I still clearly remember the day when I decided I wanted to be brave and try the park’s most popular ride — the old wooden roller coaster. I was about 10 then, and the only problem was that I couldn’t find anyone who shared my desire to take the plunge.
Enter my grandmother, a woman of ample proportions, who loved roller coasters — the steeper, the better.
So one summer night in 1959, there I stood in line, waiting to ride Pine Island Park’s roller coaster with my grandmother by my side. The longer we waited, the more apprehensive I became. I felt my hands getting clammy as I heard the distant, terrified screams of the riders every time the big coaster whipped around a curve.
I forced a smile at my grandmother as I silently worried about everything that might go wrong on the ride.
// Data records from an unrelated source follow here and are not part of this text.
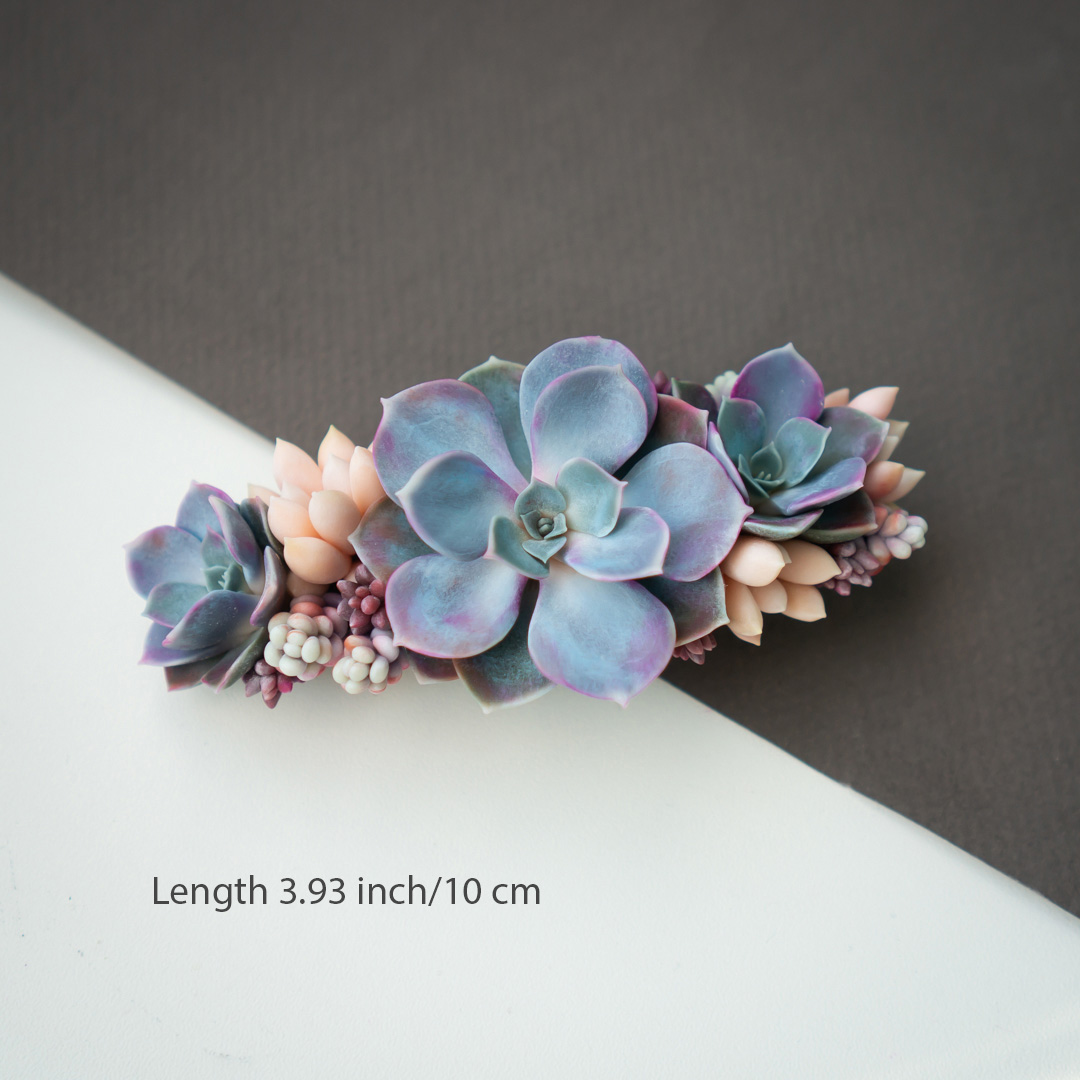 4_blue_succulent_wedding_headpiece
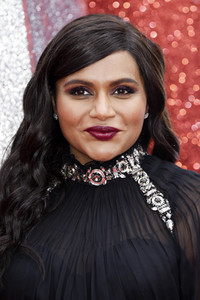 Filmpremiere 'Ocean's 8' in London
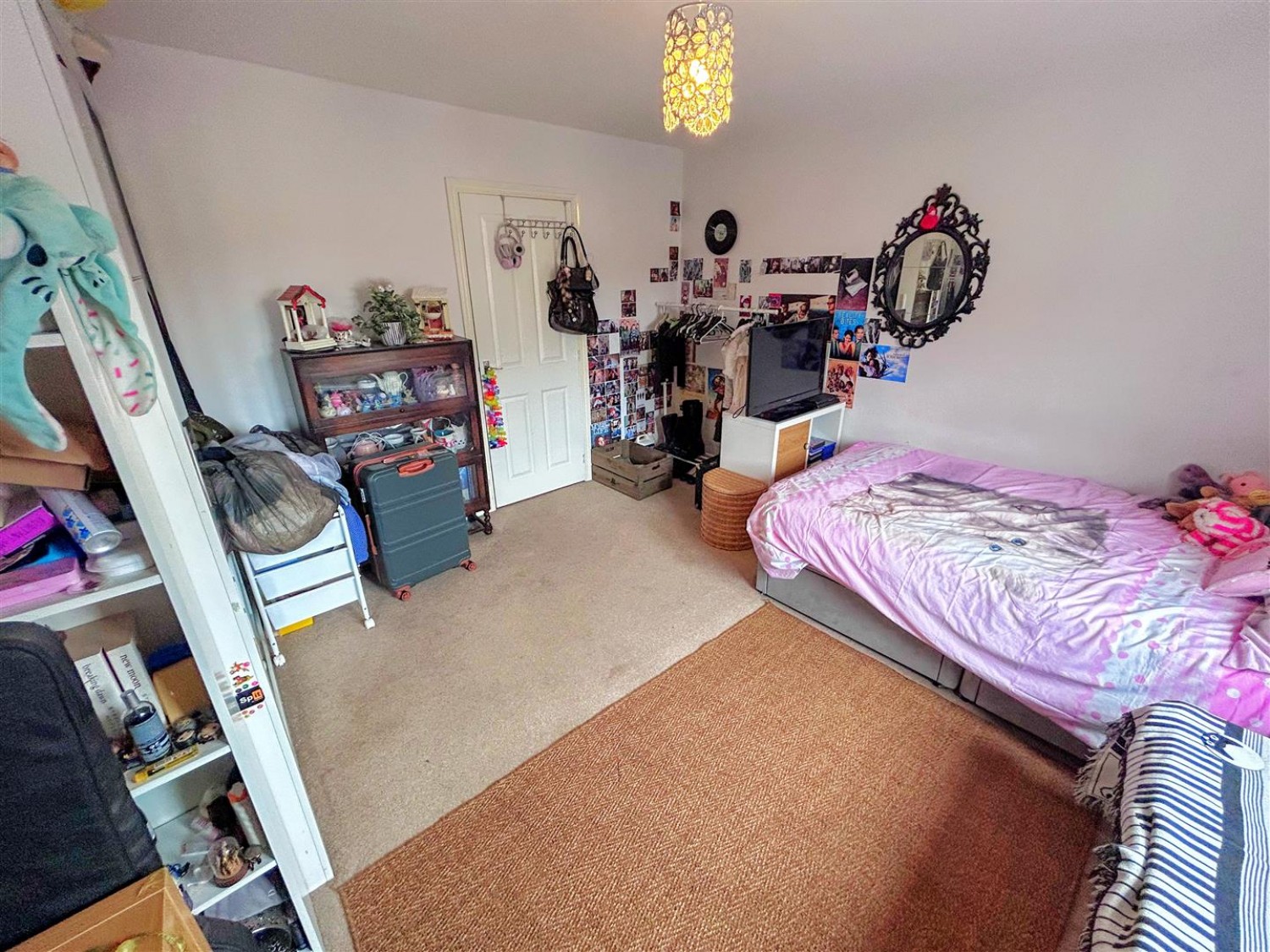Brythill Drive, Brierley Hill, DY5 3LU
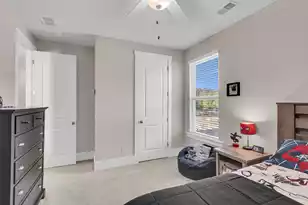 1541 Homecoming Blvd, Ravenel, SC 29470 - Photo 33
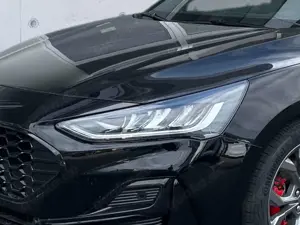 Ford Focus Bild 5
Would my mouth fly open from the force of the wind and I’d end up swallowing a bunch of bugs? Would the nails holding the decaying wooden track together pop out when we rode over them?
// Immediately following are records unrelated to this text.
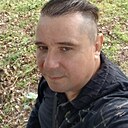 Андрей, 45 лет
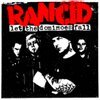 RANCID – let the dominoes fall (LP Vinyl)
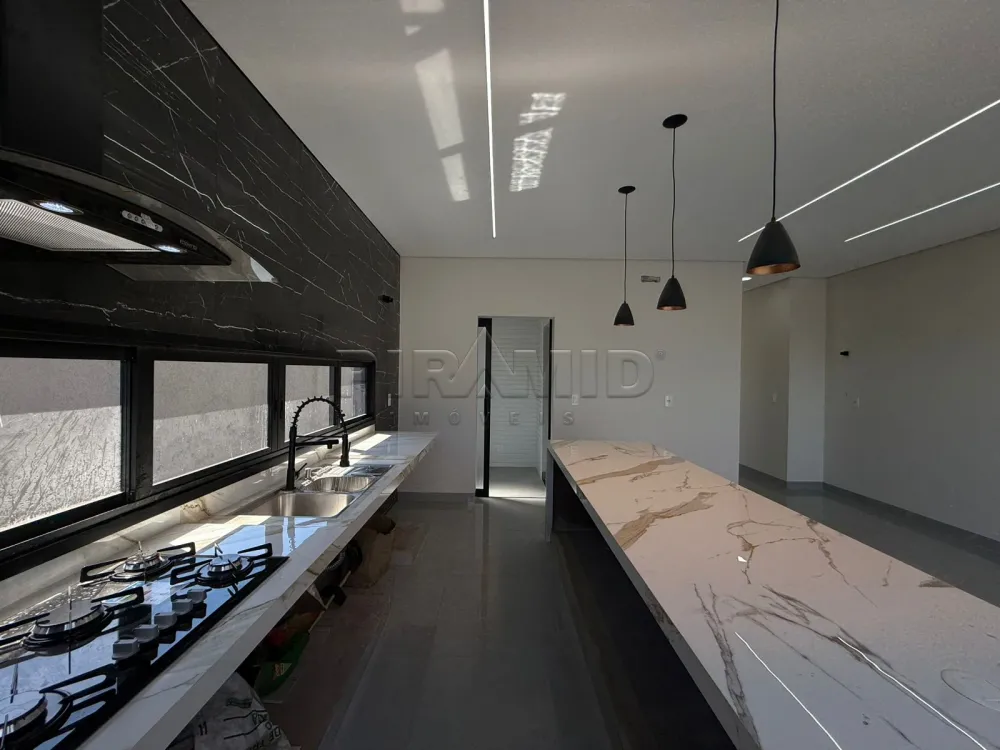 Comprar Casa / Condom&iacute;nio em Ribeir&atilde;o Preto R$ 1.230.000,00 - Foto 37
But my biggest concern involved wedging myself next to my grandmother in the coaster car. I feared that when we soared down the steepest hill, I’d be in danger of popping up like a slice of bread in a toaster and landing somewhere on the ground below with my feet sticking up out of the bushes.
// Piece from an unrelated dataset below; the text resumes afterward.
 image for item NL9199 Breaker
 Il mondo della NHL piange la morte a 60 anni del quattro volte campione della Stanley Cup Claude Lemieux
When my grandmother and I finally were seated on the coaster, my worst fear came true. I felt like a sardine. The safety bar practically groaned when the attendant locked it down over us ... and that was only after my grandmother sucked in her breath.
I prayed she wouldn’t exhale during the entire ride.
The climb up that first hill was the longest climb of my life. It seemed as if time stood still as each “clickety-clack” inched us closer to the top.
At the top of the hill, I made the mistake of looking out at the park. I saw the nice, safe carousel with all of its pretty horses. I saw the pond with its peaceful canoers.
And I saw my short life flash before me.
The rest of the ride was a blur. I remember screaming. I remember my neck snapping from side to side. I remember rising up out of my seat on the first hill and thinking my pop-up-toaster fear was going to come true.
Within seconds, the ride was over. After all of the waiting, all of the nervous anticipation, I felt cheated. Heck, I didn’t even have a single bug in my teeth.
“Can we go on it again?” I begged my grandmother. “Puh-leeze?”
“Sure!” she said.
So we rode on the coaster four more times that night. And by the time we headed home, a roller coaster fanatic had been born.
There was no stopping me after that. I rode on that coaster every chance I got. And after the park went out of business, I found other wooden coasters to ride, at places like Canobie Lake Park and Salisbury Beach.
And now, even though I’m older than my grandmother was back when she took me on that first ride, and I’ve inherited some of her “ample proportions,” I still want to go to Canobie Lake Park every summer and ride on the good old Yankee Cannonball.
The only problem is, whenever I mention it to my friends, I usually get the same reaction: “At your age? Are you crazy? You’ll end up breaking something!”
Maybe so. But it will be worth spending a few weeks in traction.